Tag Archives: data

Studio Usage Heat Map

studio usage heat map - by day

If you’ve been following along, you know that I’ve been working to pull together a recording studio on a budget. Our first step was clearing out the old office that was destined to become the studio, work on minimizing the echo in the room, and painting one wall Sparkling Apple to use as a green screen. This is where our first $100 went. Next, we spent another $50 or so to light both the green screen and the talent in front of it. I’m currently working on sorting out the best solution for audio and video. (Stay tuned for updates!)

Fortunately, the lack of A/V equipment hasn’t prevented our staff from using the studio.  In fact, since the doors first opened in July, it has seen over 150 hours of use.  At this point, it is interesting to look at the patterns of usage that have emerged. Thus, the heat map, above.

To make the heat map, I added a “1” to each half-hour timeslot that the studio was reserved each week in an Excel spreadsheet. I then color-coded the data in the sheet with hotter colors reflecting higher numbers. The colors help to visualize trends in usage. For example, usage increases as the week goes on with Thursday and Friday afternoons appearing in oranges and reds. In contrast, there are times early on Monday and Tuesday that have never been reserved.

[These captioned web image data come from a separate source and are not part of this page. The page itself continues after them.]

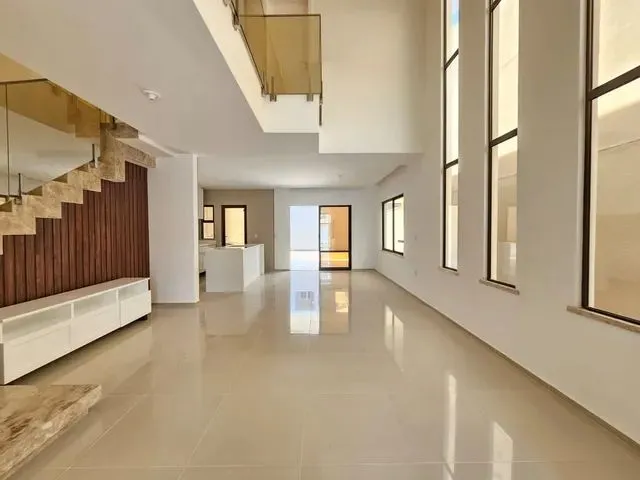 Imagem 16: Casa Duplex com Área de 180M2, 4 Suítes e Amplo Espaço! Casa Nova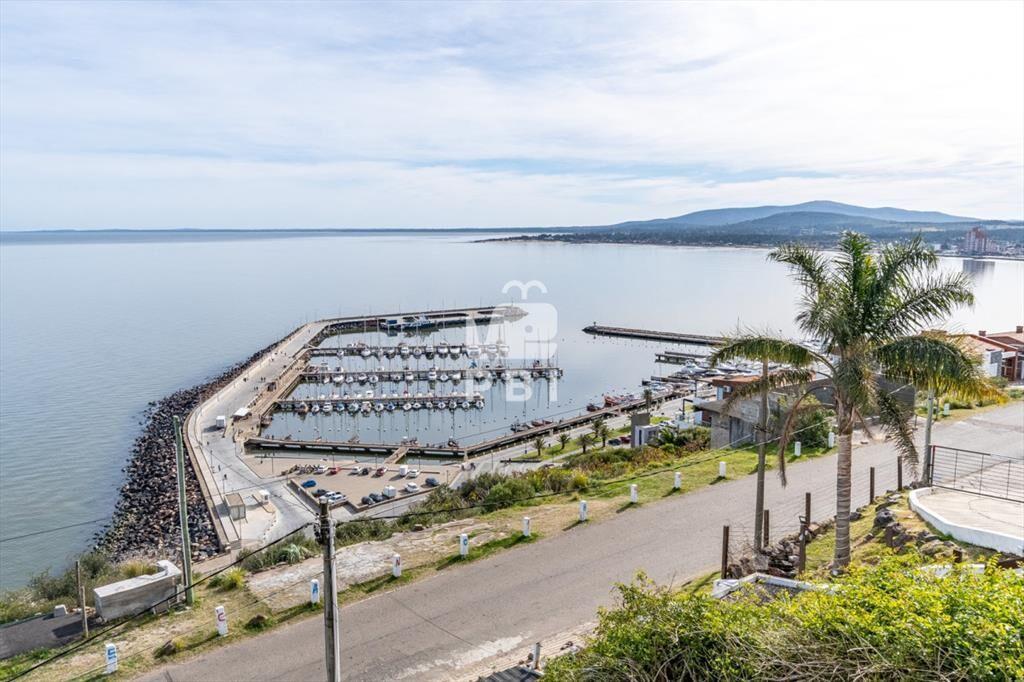 2 casas de 2 dormitorios con vista en Cerro San -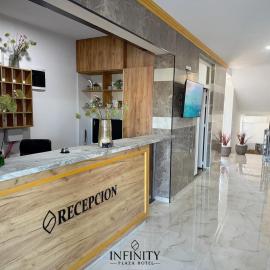 Infinity Plaza Hotel, hotel in Gjakove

Studio usage heat map - by weekI also have a heat map that compresses all of the days into one, which I made by totaling the times for each half-hour block on the spreadsheet and then color-coding it. Click to enlarge it. Again, it’s pretty easy to see the studio warm up as the day goes on, indicating increased usage.  Having a couple of regular evening reservations also contributes to this pattern.

Color coding numbers in a spreadsheet isn’t rocket science, but it is an easy way to visualize the data to quickly get a read on the studio. And, I can see that I’m going to have to start coming in earlier on Mondays if I want to use the studio.

Leave a comment

Filed under Projects

Raw. What is it good for?

students vs teachers-1 cropped

When I first came across Raw, a free, online data visualization tool, I channeled my inner Edwin Starr and asked, “What is it good for?”  It turns out the answer is “absolutely everything.”  Or pretty close to it.

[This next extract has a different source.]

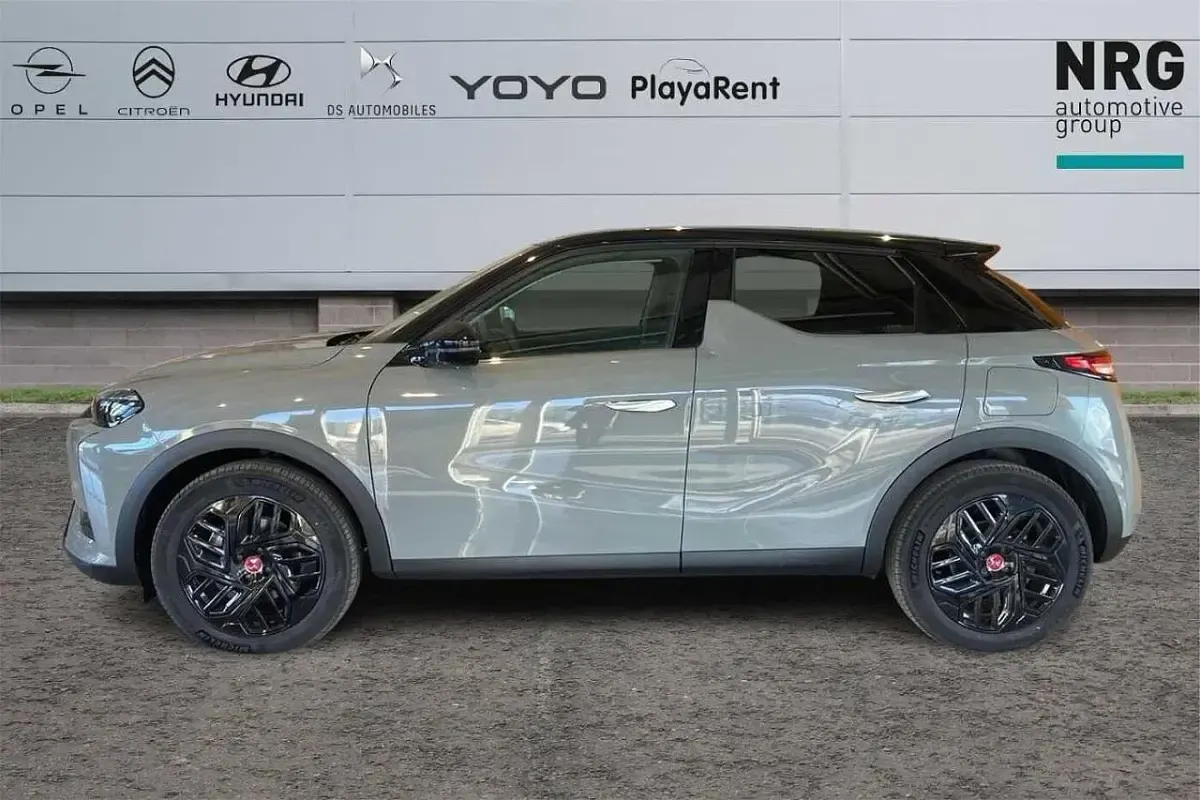 Nuevo DS Automobiles DS3 Crossback Performance 84 CV (61 kW) 2025 Gris SUV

Raw is extremely user friendly.  It’s built on D3.JS, which is pretty powerful.  If you, like me, haven’t had time to explore D3 in depth (or if, also like me, you’re not sure you have the skills to take it on,) Raw greatly simplifies the process.  And all of the data is processed in your browser, which means your data is never copied and stored on their servers.

So, what can Raw do for you?  Well take your favorite data set and paste it into the text box (or choose from one of the four example data sets provided).  Then choose from one of the 15 chart types and drag components for your data into the axes or other options for the cart type you have chosen.  You can do this as many times as you like to get the data to try on different options.  Finally, customize your visualization by adjusting the size, scale, and colors of your visualization before choosing how you want to export your results.  It’s amazingly easy!

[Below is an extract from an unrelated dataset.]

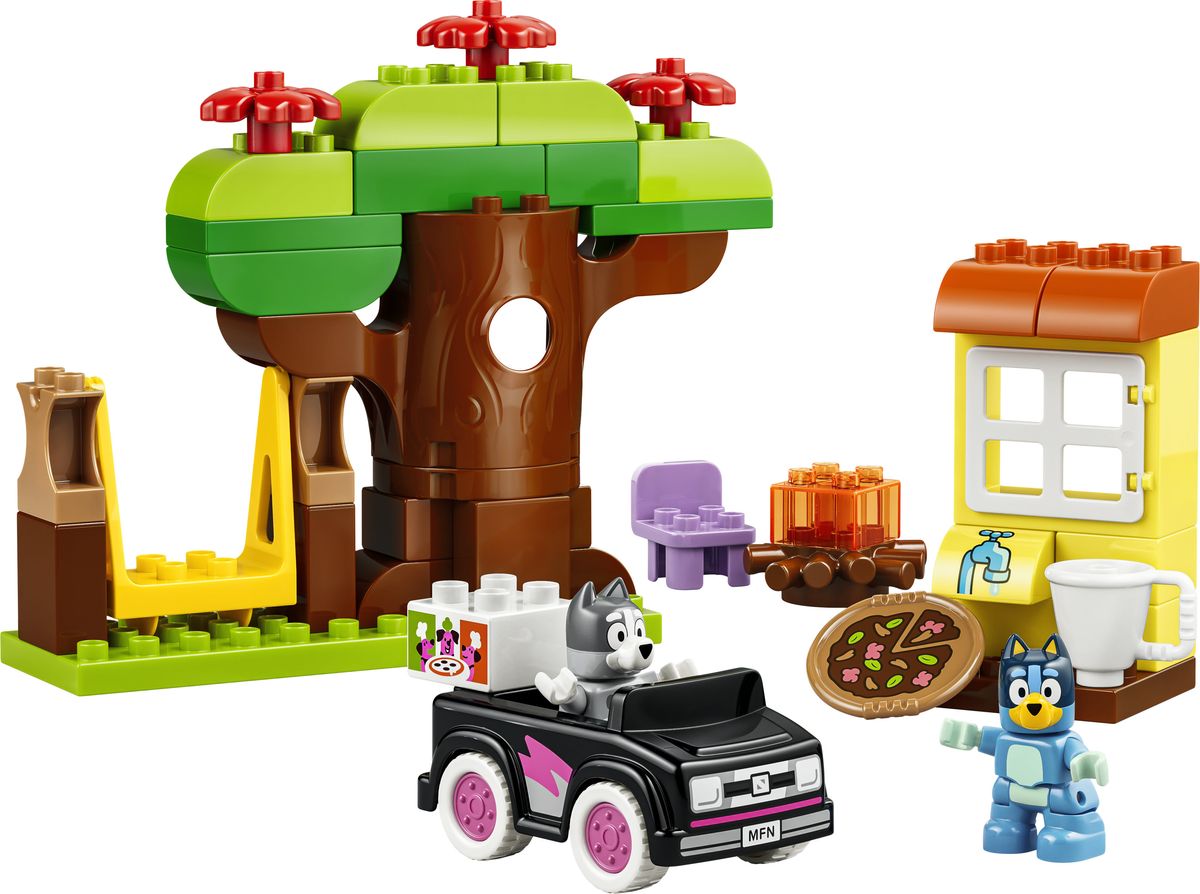 Pizza Girls with Muffin and Bluey LEGO 10469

I created the visualization at the top of this post by feeding in some data on teachers (left) and students (right).  The lines connecting them represent classes that the students had with each teacher with thin lines for one semester and thick ones for the next.  I wanted to explore how students move through our program.  Here, it’s easy to see that most students move up from one level to the next, but there are some that skip levels and some that repeat levels.  The students and teachers are not arranged in order from lowest to highest level, though this would be possible and might make it easier to see these trends.

There are lots of other options within Raw and, depending on what your data include, some may be more useful than others.  But the beauty of Raw is that you are only a couple of clicks away from any of them, making it very easy to try several visualizations until you find one you like.

Leave a comment

Filed under Resources

The Largest Vocabulary in Hip Hop

turntable“technics sl-1200 mk2” by Rick Harrison / Flickr

I spent much of my youth listening to hip hop, or, as it was called back then, rap music.  This was long before MP3 players and long before you could Google your favorite song lyrics.  It was also long before I knew anything about textual analysis, let alone before I thought about using unique words per n words as a measure of variety in vocabulary.

So, when Matt Daniels published this piece called The Largest Vocabulary in Hip Hop last month, it was both a flash back to the music of my youth and a flash forward to some of my current interests in corpus linguistics.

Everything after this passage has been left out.